A Novel Approach to Isolating Improved Industrial Interspecific Wine Yeasts Using Chromosomal Mutations as Potential Markers for Increased Fitness

Affiliations

A Novel Approach to Isolating Improved Industrial Interspecific Wine Yeasts Using Chromosomal Mutations as Potential Markers for Increased Fitness

Jennifer R Bellon et al. Front Microbiol. .

Abstract

Wine yeast breeding programs utilizing interspecific hybridization deliver cost-effective tools to winemakers looking to differentiate their wines through the development of new wine styles. The addition of a non-Saccharomyces cerevisiae genome to a commercial wine yeast can generate novel phenotypes ranging from wine flavor and aroma diversity to improvements in targeted fermentation traits. In the current study we utilized a novel approach to screen isolates from an evolving population for increased fitness in a S. cerevisiae × S. uvarum interspecific hybrid previously generated to incorporate the targeted phenotype of lower volatile acidity production.

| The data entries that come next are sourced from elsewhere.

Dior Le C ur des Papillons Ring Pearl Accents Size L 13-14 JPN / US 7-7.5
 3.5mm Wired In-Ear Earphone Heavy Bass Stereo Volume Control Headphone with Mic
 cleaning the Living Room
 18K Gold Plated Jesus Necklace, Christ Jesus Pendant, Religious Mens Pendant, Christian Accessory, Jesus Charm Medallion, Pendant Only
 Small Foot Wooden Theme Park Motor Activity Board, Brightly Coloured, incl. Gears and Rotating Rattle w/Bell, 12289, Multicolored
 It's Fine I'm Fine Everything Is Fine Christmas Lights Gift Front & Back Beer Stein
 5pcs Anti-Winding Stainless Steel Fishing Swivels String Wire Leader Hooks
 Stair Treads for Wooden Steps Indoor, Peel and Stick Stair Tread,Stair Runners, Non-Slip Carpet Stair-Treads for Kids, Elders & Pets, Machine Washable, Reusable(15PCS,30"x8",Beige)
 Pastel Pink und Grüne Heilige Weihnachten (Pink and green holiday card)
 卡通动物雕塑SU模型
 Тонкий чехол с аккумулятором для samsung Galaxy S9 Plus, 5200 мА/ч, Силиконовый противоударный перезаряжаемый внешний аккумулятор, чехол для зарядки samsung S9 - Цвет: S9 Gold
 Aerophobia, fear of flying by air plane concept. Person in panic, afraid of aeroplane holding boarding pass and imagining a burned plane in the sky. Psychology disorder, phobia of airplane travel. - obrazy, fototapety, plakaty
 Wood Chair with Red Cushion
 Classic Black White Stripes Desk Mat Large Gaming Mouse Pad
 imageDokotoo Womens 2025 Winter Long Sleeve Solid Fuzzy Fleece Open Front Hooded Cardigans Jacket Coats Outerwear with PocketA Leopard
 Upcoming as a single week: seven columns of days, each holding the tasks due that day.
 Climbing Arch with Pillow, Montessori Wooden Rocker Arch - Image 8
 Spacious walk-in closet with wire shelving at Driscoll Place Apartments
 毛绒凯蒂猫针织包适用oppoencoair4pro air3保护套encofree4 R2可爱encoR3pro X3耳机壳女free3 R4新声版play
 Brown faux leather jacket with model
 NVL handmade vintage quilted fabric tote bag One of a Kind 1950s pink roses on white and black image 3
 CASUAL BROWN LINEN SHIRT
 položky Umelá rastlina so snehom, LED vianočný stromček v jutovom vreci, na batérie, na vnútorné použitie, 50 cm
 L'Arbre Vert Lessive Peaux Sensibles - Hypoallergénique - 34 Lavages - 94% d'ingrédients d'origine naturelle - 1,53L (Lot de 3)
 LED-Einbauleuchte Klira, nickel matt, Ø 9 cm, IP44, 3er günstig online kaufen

Sequential grape-juice fermentations provided a selective environment from which to screen isolates. Chromosomal markers were used in a novel approach to identify isolates with potential increased fitness. A strain with increased fitness relative to its parents was isolated from an early timepoint in the evolving population, thereby minimizing the risk of introducing collateral mutations and potentially undesirable phenotypes. The evolved strain retained the desirable fermentation trait of reduced volatile acidity production, along with other winemaking traits of importance while exhibiting improved fermentation kinetics.

Keywords: chromosomal mutations; evolving populations; increased fitness; interspecific wine yeast hybrids; retain desired phenotype.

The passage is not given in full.